>>>

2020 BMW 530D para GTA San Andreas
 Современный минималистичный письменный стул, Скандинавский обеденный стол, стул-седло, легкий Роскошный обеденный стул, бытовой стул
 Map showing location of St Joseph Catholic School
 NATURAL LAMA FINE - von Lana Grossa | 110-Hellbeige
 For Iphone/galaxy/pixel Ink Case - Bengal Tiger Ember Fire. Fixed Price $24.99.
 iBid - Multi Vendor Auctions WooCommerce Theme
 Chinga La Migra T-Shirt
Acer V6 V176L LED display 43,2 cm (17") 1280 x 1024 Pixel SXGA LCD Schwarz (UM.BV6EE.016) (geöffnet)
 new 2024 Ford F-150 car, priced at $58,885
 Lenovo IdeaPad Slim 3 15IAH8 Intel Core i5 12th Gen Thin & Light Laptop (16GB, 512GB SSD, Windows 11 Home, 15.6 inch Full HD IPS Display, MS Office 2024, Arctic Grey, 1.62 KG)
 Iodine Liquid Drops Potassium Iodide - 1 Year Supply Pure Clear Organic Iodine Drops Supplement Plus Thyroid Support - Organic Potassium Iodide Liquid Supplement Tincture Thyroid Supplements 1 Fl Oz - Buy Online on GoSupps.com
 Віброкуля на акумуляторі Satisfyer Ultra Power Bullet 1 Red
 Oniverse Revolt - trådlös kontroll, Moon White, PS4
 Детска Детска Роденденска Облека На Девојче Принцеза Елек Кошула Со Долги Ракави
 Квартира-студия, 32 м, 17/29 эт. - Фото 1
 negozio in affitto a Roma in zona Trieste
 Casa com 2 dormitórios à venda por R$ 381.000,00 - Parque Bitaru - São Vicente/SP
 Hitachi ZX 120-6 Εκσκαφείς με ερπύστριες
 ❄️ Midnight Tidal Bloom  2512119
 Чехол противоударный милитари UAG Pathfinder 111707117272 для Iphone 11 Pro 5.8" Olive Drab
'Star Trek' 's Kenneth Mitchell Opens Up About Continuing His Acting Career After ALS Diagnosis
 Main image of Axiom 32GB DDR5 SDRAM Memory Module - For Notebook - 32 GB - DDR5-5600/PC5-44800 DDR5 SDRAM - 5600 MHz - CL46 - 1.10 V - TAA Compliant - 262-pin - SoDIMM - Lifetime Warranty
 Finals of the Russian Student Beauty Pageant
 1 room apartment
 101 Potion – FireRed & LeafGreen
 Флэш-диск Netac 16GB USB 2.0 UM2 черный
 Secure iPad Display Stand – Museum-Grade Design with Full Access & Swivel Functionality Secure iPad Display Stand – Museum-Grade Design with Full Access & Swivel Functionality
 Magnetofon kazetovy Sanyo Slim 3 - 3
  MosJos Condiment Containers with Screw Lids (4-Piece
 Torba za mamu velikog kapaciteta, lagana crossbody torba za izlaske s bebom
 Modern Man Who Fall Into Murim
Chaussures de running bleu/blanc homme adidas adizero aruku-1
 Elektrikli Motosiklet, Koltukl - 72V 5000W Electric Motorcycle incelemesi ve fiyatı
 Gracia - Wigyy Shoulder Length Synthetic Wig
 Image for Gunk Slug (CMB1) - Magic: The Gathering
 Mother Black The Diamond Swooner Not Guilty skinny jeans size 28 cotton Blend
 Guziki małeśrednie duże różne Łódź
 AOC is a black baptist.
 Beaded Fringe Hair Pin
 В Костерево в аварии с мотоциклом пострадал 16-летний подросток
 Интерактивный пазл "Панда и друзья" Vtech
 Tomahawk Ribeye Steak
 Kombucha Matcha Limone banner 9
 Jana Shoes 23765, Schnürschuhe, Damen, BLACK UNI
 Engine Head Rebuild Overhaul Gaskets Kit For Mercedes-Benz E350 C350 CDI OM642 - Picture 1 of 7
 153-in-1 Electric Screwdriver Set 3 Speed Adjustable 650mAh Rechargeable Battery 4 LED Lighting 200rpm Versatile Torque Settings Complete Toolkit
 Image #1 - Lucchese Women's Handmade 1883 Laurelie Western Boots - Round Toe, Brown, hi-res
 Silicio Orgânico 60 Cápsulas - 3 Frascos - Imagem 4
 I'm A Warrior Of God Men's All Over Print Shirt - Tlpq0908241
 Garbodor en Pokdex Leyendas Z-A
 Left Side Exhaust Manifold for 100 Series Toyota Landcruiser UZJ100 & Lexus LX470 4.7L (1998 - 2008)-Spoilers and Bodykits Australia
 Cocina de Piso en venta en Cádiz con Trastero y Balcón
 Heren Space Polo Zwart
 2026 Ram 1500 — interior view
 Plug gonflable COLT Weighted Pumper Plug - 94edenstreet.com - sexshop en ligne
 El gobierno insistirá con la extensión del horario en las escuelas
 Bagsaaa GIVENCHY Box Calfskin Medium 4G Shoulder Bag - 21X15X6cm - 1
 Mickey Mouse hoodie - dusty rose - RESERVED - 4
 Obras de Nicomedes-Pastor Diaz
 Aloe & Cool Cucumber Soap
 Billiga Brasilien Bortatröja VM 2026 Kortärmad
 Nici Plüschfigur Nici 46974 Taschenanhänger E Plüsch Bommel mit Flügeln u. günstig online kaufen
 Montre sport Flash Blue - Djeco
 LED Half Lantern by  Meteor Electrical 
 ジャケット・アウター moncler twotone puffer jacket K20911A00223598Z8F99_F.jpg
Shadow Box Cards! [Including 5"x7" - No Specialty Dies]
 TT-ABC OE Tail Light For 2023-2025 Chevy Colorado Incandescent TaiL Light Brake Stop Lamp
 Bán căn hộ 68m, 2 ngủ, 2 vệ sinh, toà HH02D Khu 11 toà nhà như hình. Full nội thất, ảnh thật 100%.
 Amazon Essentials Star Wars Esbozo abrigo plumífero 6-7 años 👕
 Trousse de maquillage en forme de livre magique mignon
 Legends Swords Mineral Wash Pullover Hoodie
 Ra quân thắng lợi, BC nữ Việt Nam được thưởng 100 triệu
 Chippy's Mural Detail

<<<

> [WHAT YOU NEED TO DO]: Above are the records; please copy exactly their first line and each line after it through the line containing "Hitachi ZX 120-6 Εκσκαφείς με ερπύστριες", and no line after that.

> [TASK ANSWER]:
2020 BMW 530D para GTA San Andreas
 Современный минималистичный письменный стул, Скандинавский обеденный стол, стул-седло, легкий Роскошный обеденный стул, бытовой стул
 Map showing location of St Joseph Catholic School
 NATURAL LAMA FINE - von Lana Grossa | 110-Hellbeige
 For Iphone/galaxy/pixel Ink Case - Bengal Tiger Ember Fire. Fixed Price $24.99.
 iBid - Multi Vendor Auctions WooCommerce Theme
 Chinga La Migra T-Shirt
Acer V6 V176L LED display 43,2 cm (17") 1280 x 1024 Pixel SXGA LCD Schwarz (UM.BV6EE.016) (geöffnet)
 new 2024 Ford F-150 car, priced at $58,885
 Lenovo IdeaPad Slim 3 15IAH8 Intel Core i5 12th Gen Thin & Light Laptop (16GB, 512GB SSD, Windows 11 Home, 15.6 inch Full HD IPS Display, MS Office 2024, Arctic Grey, 1.62 KG)
 Iodine Liquid Drops Potassium Iodide - 1 Year Supply Pure Clear Organic Iodine Drops Supplement Plus Thyroid Support - Organic Potassium Iodide Liquid Supplement Tincture Thyroid Supplements 1 Fl Oz - Buy Online on GoSupps.com
 Віброкуля на акумуляторі Satisfyer Ultra Power Bullet 1 Red
 Oniverse Revolt - trådlös kontroll, Moon White, PS4
 Детска Детска Роденденска Облека На Девојче Принцеза Елек Кошула Со Долги Ракави
 Квартира-студия, 32 м, 17/29 эт. - Фото 1
 negozio in affitto a Roma in zona Trieste
 Casa com 2 dormitórios à venda por R$ 381.000,00 - Parque Bitaru - São Vicente/SP
 Hitachi ZX 120-6 Εκσκαφείς με ερπύστριες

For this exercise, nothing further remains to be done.